* RECORDED DATA
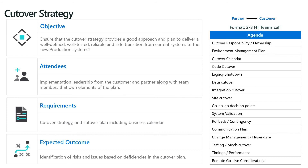The cutover strategy workshop is basically the prepare-to-go-live workshop before the go-live readiness workshop, and it is mandatory. The cutover strategy is really about planning who's going to do what, what is the calendar, how and when do we stop developing code, what are the data cutover plans, and system validation plans. All these considerations should be addressed during this workshop to ensure the cutover strategy provides a good approach and plan to deliver a well-defined, well-tested, reliable, and safe transition from the current systems to the new productive systems.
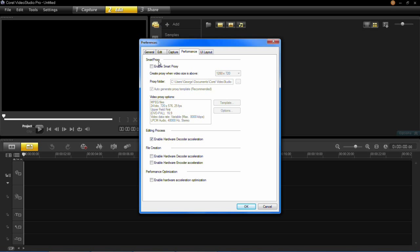And what this does is it allows your computer to run a lot smoother when you're editing the videos, therefore making a much better user experience. And it's a lot quicker when editing as well because it doesn't have to keep loading the big file.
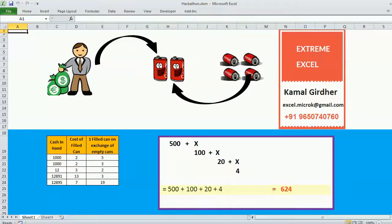Let's solve a very good problem statement using Excel VBA. There is a man who is holding some money, and he can use this money to purchase Coke cans. Let's say he is holding 100 rupees and the price of a Coke can is 10 rupees per can, so he can purchase 10 cans.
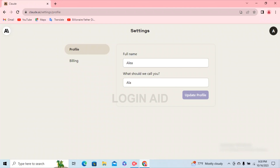So that's how you log into your Claude.ai profile. That's it for the video, guys. I hope the video was informative. Don't forget to like, share, and subscribe. Till then, keep watching.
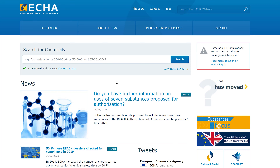Now let's take a closer look at UCLIF. There are two ways you can access UCLIF data: either directly on our homepage by searching for a substance in our chemicals database, or through the UCLIF landing page. Let's start with the UCLIF landing page.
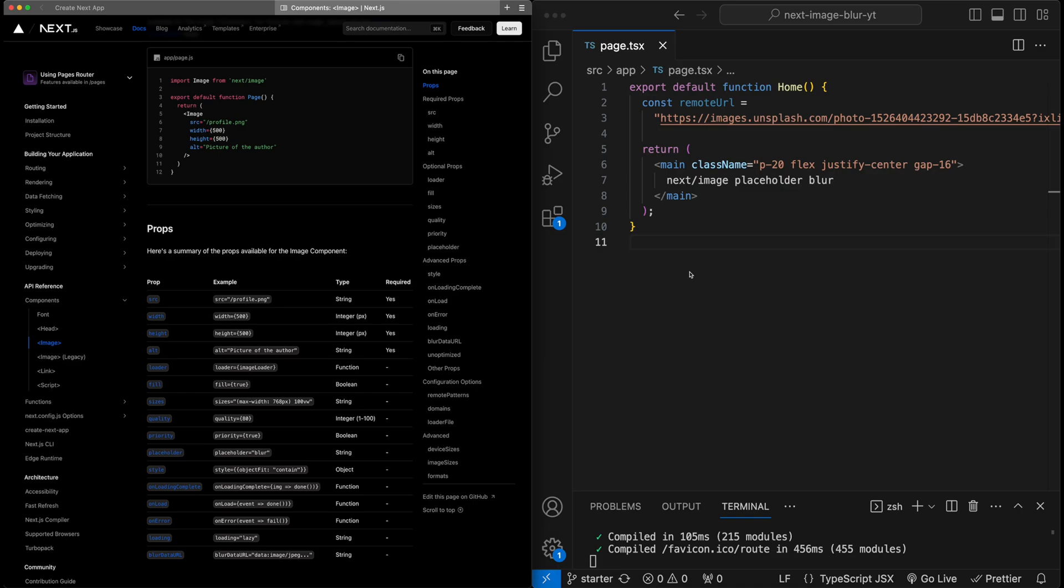In this video, we are going to discuss how to use placeholder blurring with the next image component. It's a great way to quickly improve the UX of our site, and it's pretty easy to implement. We're going to cover how to add support for this for both static and dynamic images.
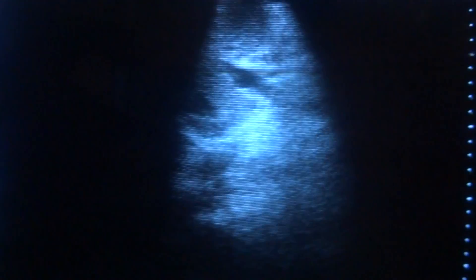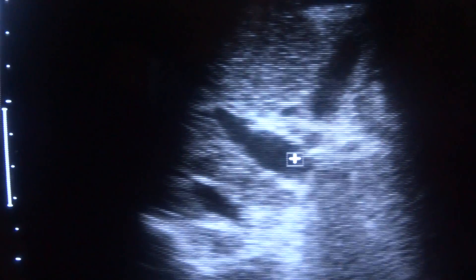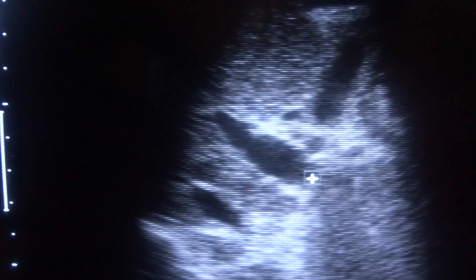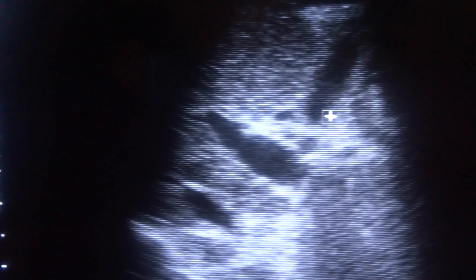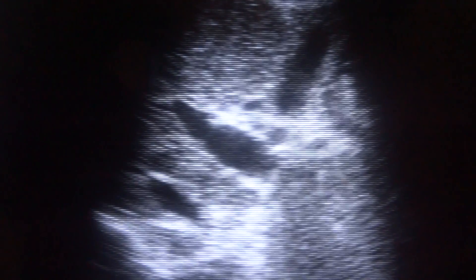This is an ultrasound of a cirrhotic liver. Here we see the portal vein, the gallbladder. This is the portal vein, this is the gallbladder, this is the liver, this is the IVC, and here it is being surrounded by the liver.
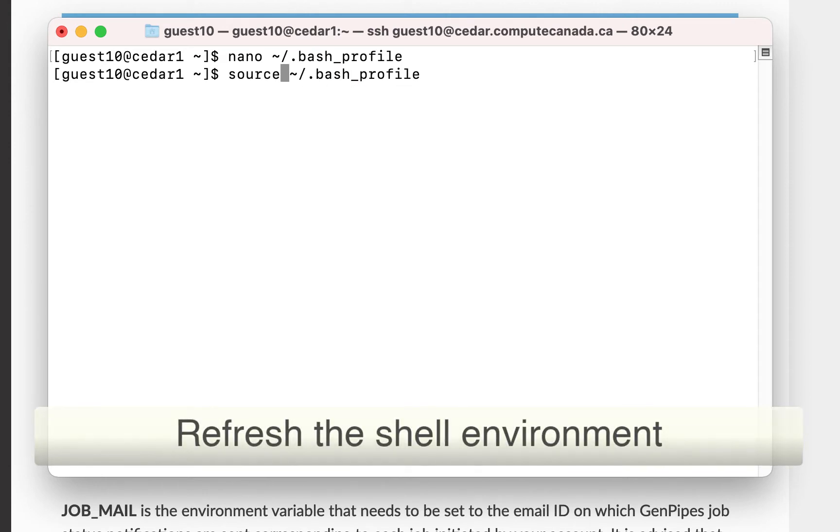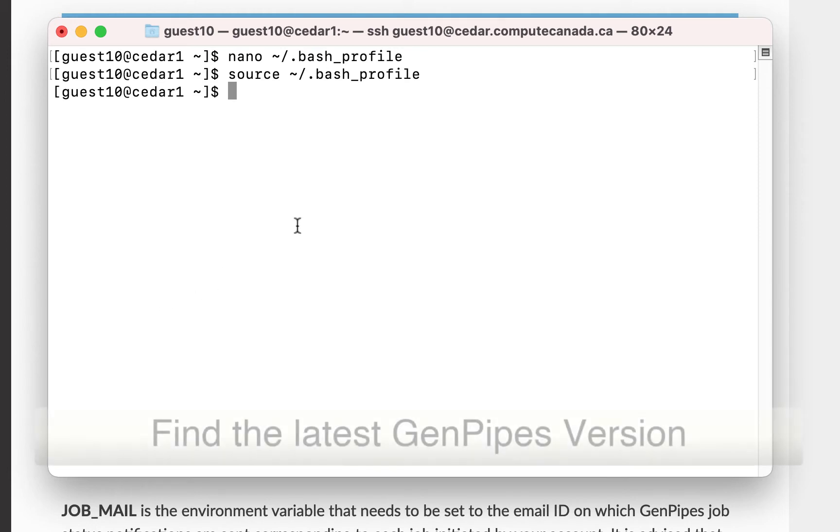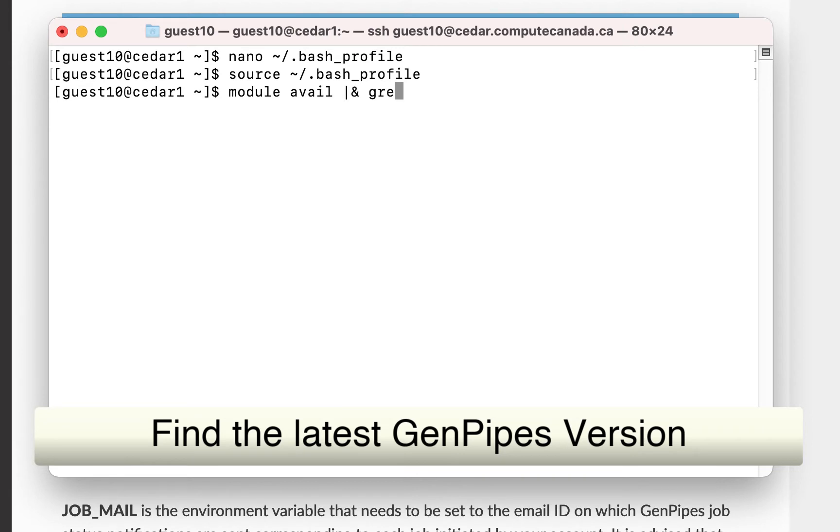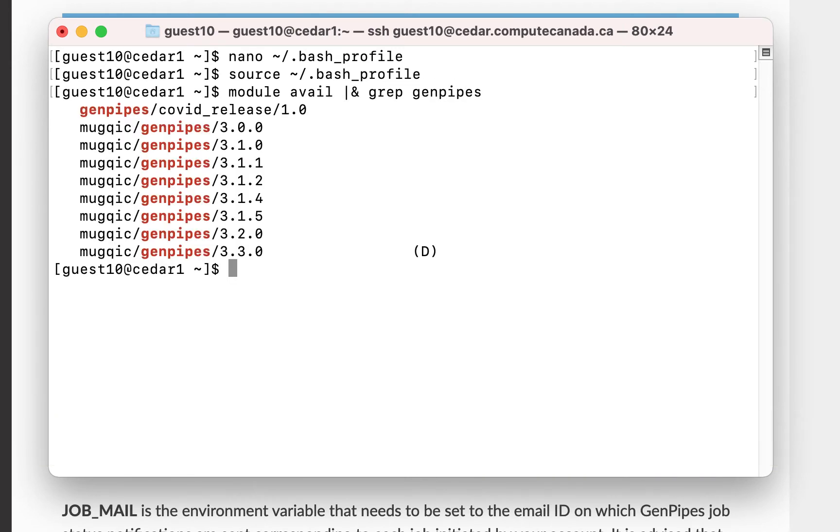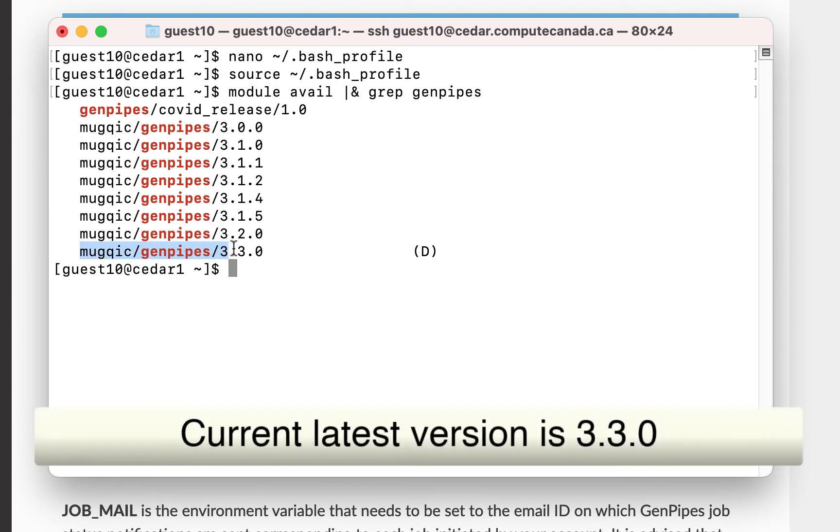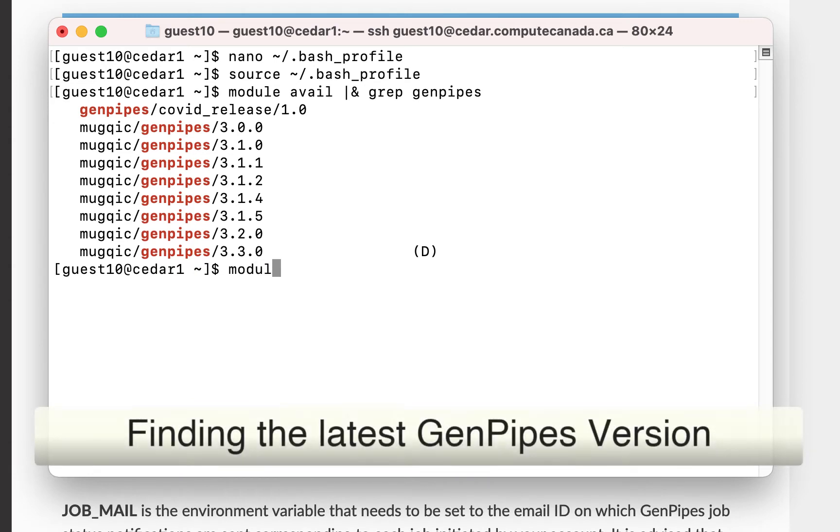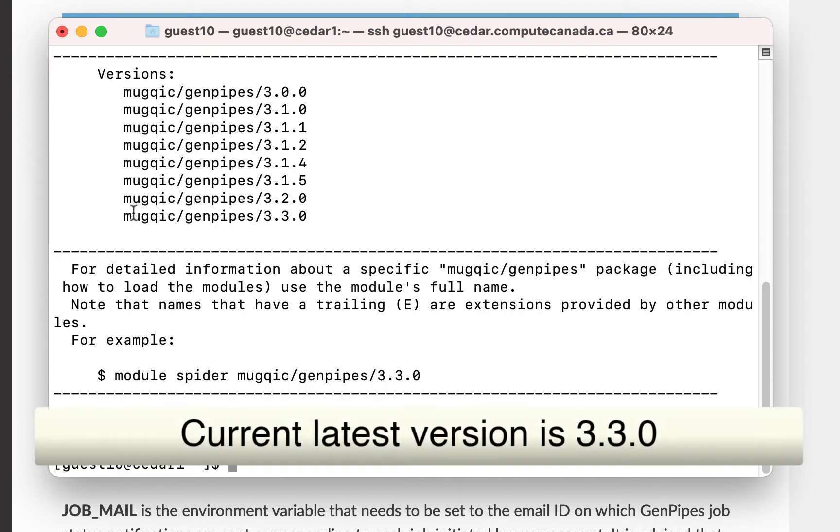Next you will need to find the latest version of GenPipes. You can find it by typing the code on the screen. This will show all of the available versions of GenPipes. You can also use the module spider to get this information. In this case the current version of GenPipes is 3.3.0.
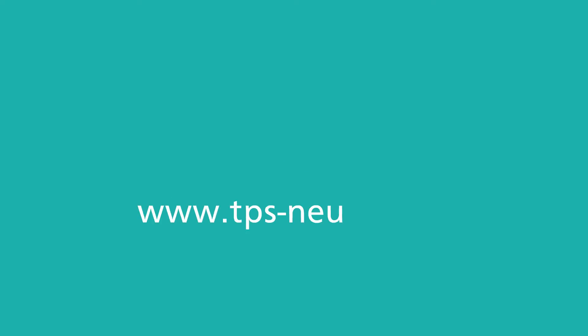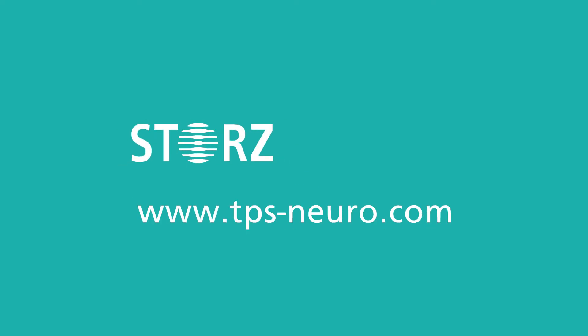For more information, visit tps-neuro.com. Storz Medical. Humane technology. Technology for people.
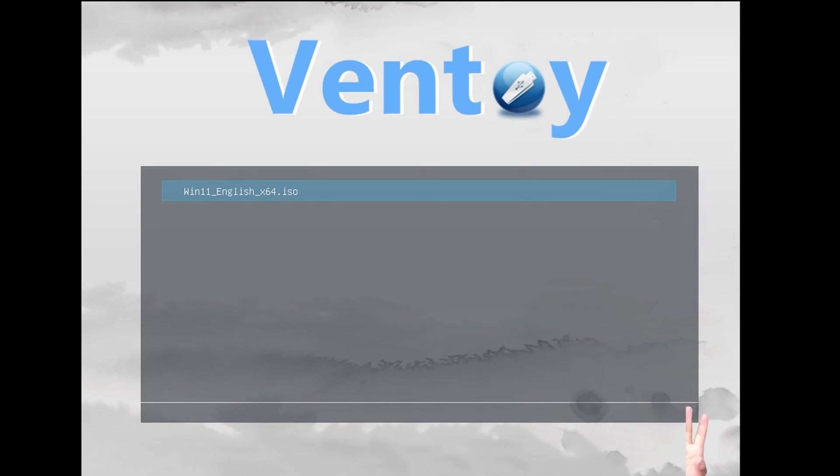Hello and welcome everybody. In this video, I'm going to show you how to fix an error when booting from your USB flash drive. If you use Ventoy and try to boot and get this error...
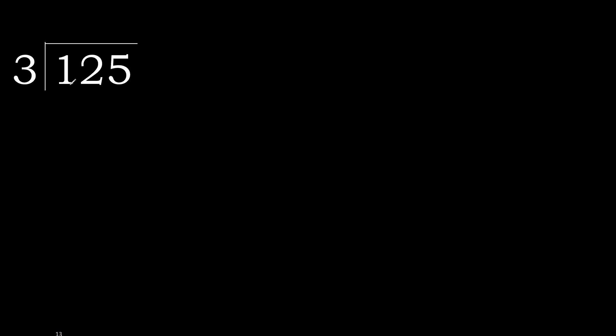125 divided by 3. 1 is less, therefore next. 12 is not less, therefore with 12, 3 multiplied by which number is nearest to 12 but not greater.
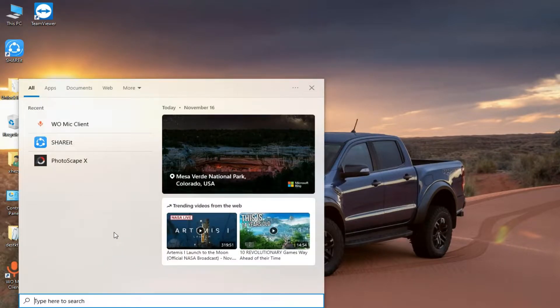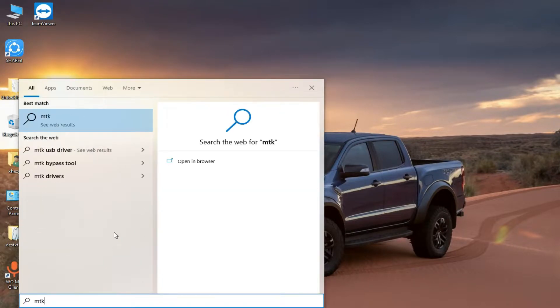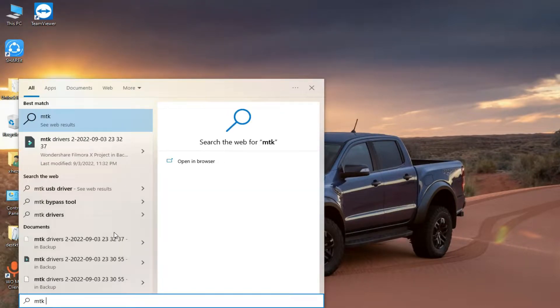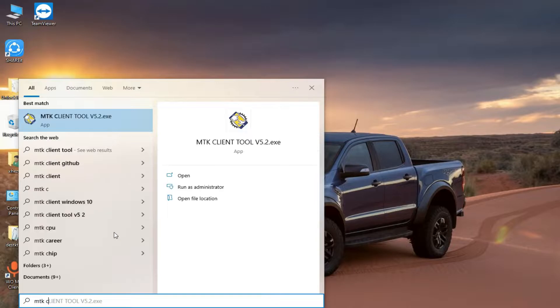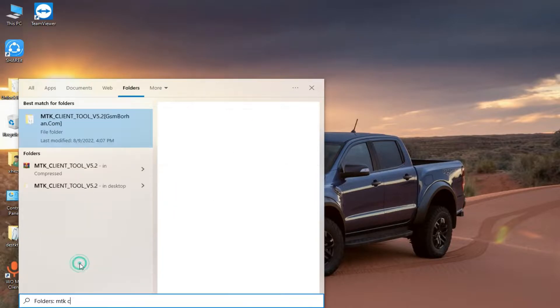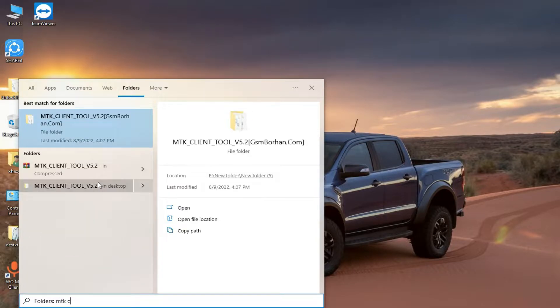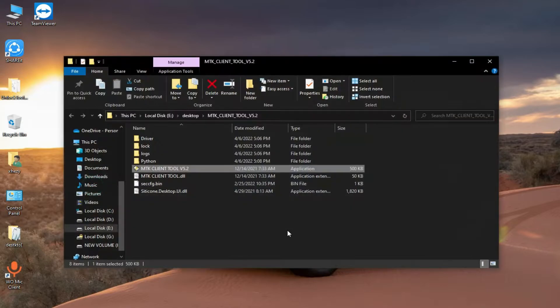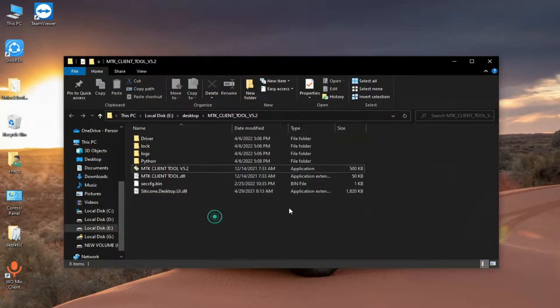Hello everyone and welcome to the Henry channel. In this video I will show you how you can bypass almost every phone that comes with MTK CPU with just one click.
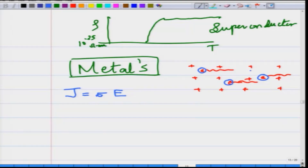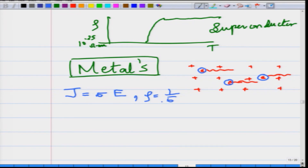A metal has positively charged ion cores surrounded by a sea of electrons, as shown here. You have electrons moving all through the lattice of positive ion cores — this is the typical structure of a metal. This metal will have a conductivity sigma or a resistivity rho, which is 1 upon sigma, and j equals sigma times the electric field.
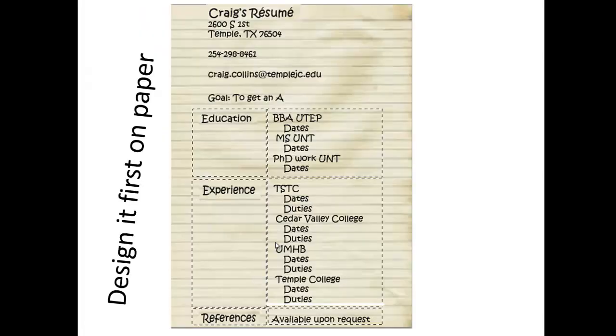Once I finish adding all the dates, duties, etc., I'll be ready to save the resume one more time and submit it.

* REQUIRED WORK
Exclude the pictures and reproduce every entry exactly.

* RESPONSE BELOW
The cutover strategy workshop is basically the prepare-to-go-live workshop before the go-live readiness workshop, and it is mandatory. The cutover strategy is really about planning who's going to do what, what is the calendar, how and when do we stop developing code, what are the data cutover plans, and system validation plans. All these considerations should be addressed during this workshop to ensure the cutover strategy provides a good approach and plan to deliver a well-defined, well-tested, reliable, and safe transition from the current systems to the new productive systems.
And what this does is it allows your computer to run a lot smoother when you're editing the videos, therefore making a much better user experience. And it's a lot quicker when editing as well because it doesn't have to keep loading the big file.
Let's solve a very good problem statement using Excel VBA. There is a man who is holding some money, and he can use this money to purchase Coke cans. Let's say he is holding 100 rupees and the price of a Coke can is 10 rupees per can, so he can purchase 10 cans.
So that's how you log into your Claude.ai profile. That's it for the video, guys. I hope the video was informative. Don't forget to like, share, and subscribe. Till then, keep watching.
Now let's take a closer look at UCLIF. There are two ways you can access UCLIF data: either directly on our homepage by searching for a substance in our chemicals database, or through the UCLIF landing page. Let's start with the UCLIF landing page.
In this video, we are going to discuss how to use placeholder blurring with the next image component. It's a great way to quickly improve the UX of our site, and it's pretty easy to implement. We're going to cover how to add support for this for both static and dynamic images.
This is an ultrasound of a cirrhotic liver. Here we see the portal vein, the gallbladder. This is the portal vein, this is the gallbladder, this is the liver, this is the IVC, and here it is being surrounded by the liver.
Next you will need to find the latest version of GenPipes. You can find it by typing the code on the screen. This will show all of the available versions of GenPipes. You can also use the module spider to get this information. In this case the current version of GenPipes is 3.3.0.
For more information, visit tps-neuro.com. Storz Medical. Humane technology. Technology for people.
Hello and welcome everybody. In this video, I'm going to show you how to fix an error when booting from your USB flash drive. If you use Ventoy and try to boot and get this error...
125 divided by 3. 1 is less, therefore next. 12 is not less, therefore with 12, 3 multiplied by which number is nearest to 12 but not greater.
Hello everyone and welcome to the Henry channel. In this video I will show you how you can bypass almost every phone that comes with MTK CPU with just one click.
A metal has positively charged ion cores surrounded by a sea of electrons, as shown here. You have electrons moving all through the lattice of positive ion cores — this is the typical structure of a metal. This metal will have a conductivity sigma or a resistivity rho, which is 1 upon sigma, and j equals sigma times the electric field.
Once I finish adding all the dates, duties, etc., I'll be ready to save the resume one more time and submit it.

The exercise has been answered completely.